» **Problem details**
Give back the whole listing exactly as written, pictures excluded.

[The data — start]

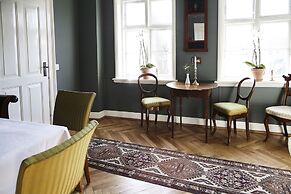 Brøndums Hotel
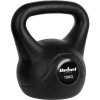 REBEL RBA-2315 10 kg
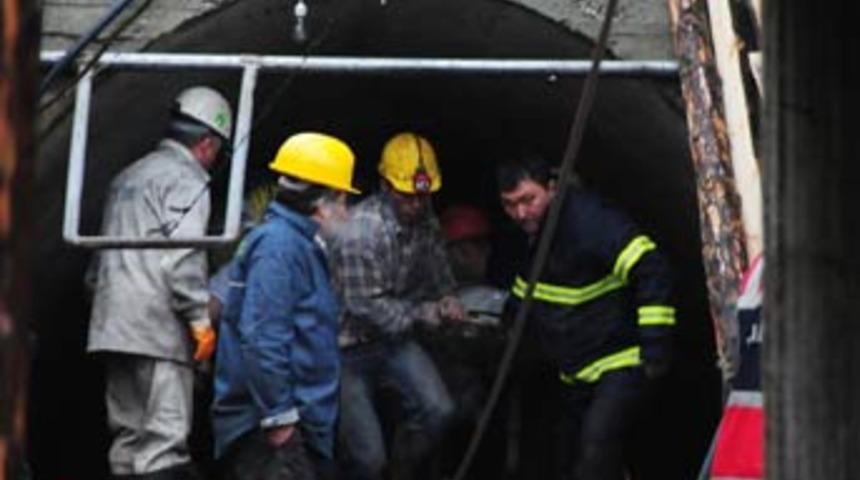 Mağdur ailelere 5 bin TL yardım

[The data — finish]

» **Result for this exercise**
 Brøndums Hotel
 REBEL RBA-2315 10 kg
 Mağdur ailelere 5 bin TL yardım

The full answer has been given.